New Rasterman Image...

Thu Oct 2 18:37:58 CEST 2008

I used to have a bunch of them when I was doing a NLG ( natural Language 
generation) pet project. I sent you a link to US names as well. from the
US census.
For personal dictionaries, people could just run a simple word frequency 
analysis   on their archived email,( there are GPL programs that do this 
I believe, but its dead easy to write yourself) and import their email 
contacts into the database.
( speeling mistakes might require some work, like the one I just did)
If you had access to archived chats or chat logs you could pick up
things like LOL, PITA, etc, or logs of SMS. There are some studies on 
word frequency in SMS but I havent found a online resource.

Carsten Haitzler (The Rasterman) wrote:
> On Thu, 02 Oct 2008 00:59:20 -0700 Steve Mosher <steve at openmoko.com> babbled:
> 
> aha! a "decent" frequency corpus (a few thousand words). i'll merge this with
> the default us dict (and remove the small one as now that's useless).
> 
>> Hey raster, How's it going.
>>
>> I promised you some frequency data a while back.
>> http://ucrel.lancs.ac.uk/bncfreq/flists.html
>> http://ucrel.lancs.ac.uk/bncfreq/lists/1_2_all_freq.txt
>>
>> there are others as well
>>
>> Carsten Haitzler (The Rasterman) wrote:
>>> On Wed, 1 Oct 2008 21:05:53 -0600 "Ori Pessach" <opessach at gmail.com>
>>> babbled:
>>>
>>>> I understand what it's doing.
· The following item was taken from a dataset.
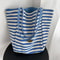 Korean Style Canvas Tote Bag for Women with Large Capacity Striped Shoulder Design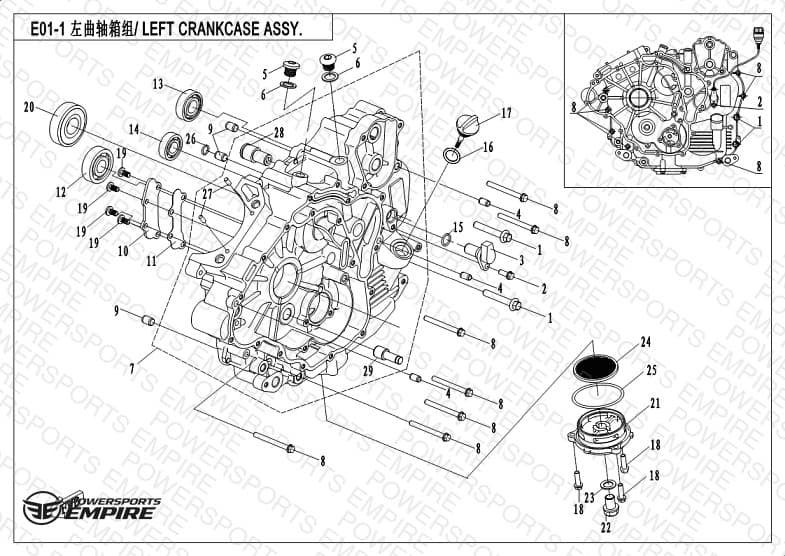 E01-1 — LEFT CRANKCASE ASSY.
It's not doing it well. I tried it for shell
>>> i disagree. it works like a charm for me - as per my previous mail - i can
>>> use it while walking down the street. more than i can say for pretty much
>>> any other virtual keyboard i have available to me.
>>>
>>>> input, and it was an unusable mess. I tried it for text messaging, and it
>>> why someone would use a language dictionary-based corrective keyboard for
>>> shell input beats me! in this case i call "silly user - using a motorcycle
>>> to deliver elephants" line :) use the terminal keyboard. use a stylus.
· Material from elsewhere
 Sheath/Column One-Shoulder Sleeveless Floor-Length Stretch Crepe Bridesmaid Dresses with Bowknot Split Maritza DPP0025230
>>> thats what it was meant for. :)
>>>
>>>> was an unusable mess. It has no model of the likelihood of erroneous input
>>> it does. it absolutely does. maybe your fingers are incredibly off-center?
>>> here is the algorithm (and if u don't believe me - code is there to be
>>> read):
>>>
>>> it stores a press POINT (x,y). it looks for all keys whose center point is
>>> WITHIN f distance of x,y (f being the fuzz value - the .kbd file for the
>>> qwerty Default keyboard is 135 units wide, with fuzz radius of 20, so that's
>>> about 1/3rd of the keyboard that it searches through for a likely match).
>>> likelihood factors (distance) per key found is allocated based on distance
>>> (0 == most likely, > 0 less likely the greater the value). each press is
>>> done this way EXCEPT if u hold for 0.25 sec then drag to select a key
>>> explicitly in zoom mode - then the ONLY key available for that word slot is
>>> that letter selected given a distance of 0. as you type all permutations of
>>> letters are searched and put into a list - with each permutation given a
>>> distance metric based on the letters used (simply addition of the
>>> distances). now this is combined with the dictionary's frequency metric
>>> (multiplied by an inverse) so the more likely the word is to be used the
>>> lower its distance becomes. words are sorted from most to least likely
>>> based on this metric then listed with most likely in the middle of the
>>> list, leas likely to the left/right ends - which you may not see. the
>>> vertical list lists all matches from most to least likely (top to bottom)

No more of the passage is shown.